[Records drawn from a dataset]

=== Section Start ===

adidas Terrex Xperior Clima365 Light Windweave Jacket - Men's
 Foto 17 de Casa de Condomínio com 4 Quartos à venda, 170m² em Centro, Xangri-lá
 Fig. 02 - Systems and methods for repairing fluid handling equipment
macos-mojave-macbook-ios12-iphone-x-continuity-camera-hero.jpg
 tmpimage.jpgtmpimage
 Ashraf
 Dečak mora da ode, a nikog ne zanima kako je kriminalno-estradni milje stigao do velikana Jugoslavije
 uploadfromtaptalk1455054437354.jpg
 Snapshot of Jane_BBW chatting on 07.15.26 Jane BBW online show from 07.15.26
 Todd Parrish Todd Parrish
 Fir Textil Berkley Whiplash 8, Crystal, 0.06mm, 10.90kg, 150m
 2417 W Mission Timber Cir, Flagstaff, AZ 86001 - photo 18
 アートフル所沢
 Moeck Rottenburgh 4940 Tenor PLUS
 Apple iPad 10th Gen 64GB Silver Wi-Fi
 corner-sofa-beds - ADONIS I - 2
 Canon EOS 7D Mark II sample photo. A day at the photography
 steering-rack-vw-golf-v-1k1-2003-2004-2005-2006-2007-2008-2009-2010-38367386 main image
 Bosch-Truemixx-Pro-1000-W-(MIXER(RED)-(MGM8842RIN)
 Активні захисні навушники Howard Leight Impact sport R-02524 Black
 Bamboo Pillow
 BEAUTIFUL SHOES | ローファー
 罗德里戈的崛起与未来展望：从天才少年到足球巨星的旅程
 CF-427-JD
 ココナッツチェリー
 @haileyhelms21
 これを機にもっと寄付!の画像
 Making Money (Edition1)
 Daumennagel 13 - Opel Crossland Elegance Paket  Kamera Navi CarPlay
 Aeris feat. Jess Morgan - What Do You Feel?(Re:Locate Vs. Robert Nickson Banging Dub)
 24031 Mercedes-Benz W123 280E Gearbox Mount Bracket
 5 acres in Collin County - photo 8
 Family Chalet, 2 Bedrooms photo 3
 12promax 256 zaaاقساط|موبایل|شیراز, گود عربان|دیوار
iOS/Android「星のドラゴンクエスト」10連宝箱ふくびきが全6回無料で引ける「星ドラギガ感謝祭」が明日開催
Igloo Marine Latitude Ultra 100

=== Section End ===

▸ Problem details
Please reply with an exact copy of the lines above, starting at the first and ending at the line that holds "uploadfromtaptalk1455054437354.jpg".

▸ Task response
adidas Terrex Xperior Clima365 Light Windweave Jacket - Men's
 Foto 17 de Casa de Condomínio com 4 Quartos à venda, 170m² em Centro, Xangri-lá
 Fig. 02 - Systems and methods for repairing fluid handling equipment
macos-mojave-macbook-ios12-iphone-x-continuity-camera-hero.jpg
 tmpimage.jpgtmpimage
 Ashraf
 Dečak mora da ode, a nikog ne zanima kako je kriminalno-estradni milje stigao do velikana Jugoslavije
 uploadfromtaptalk1455054437354.jpg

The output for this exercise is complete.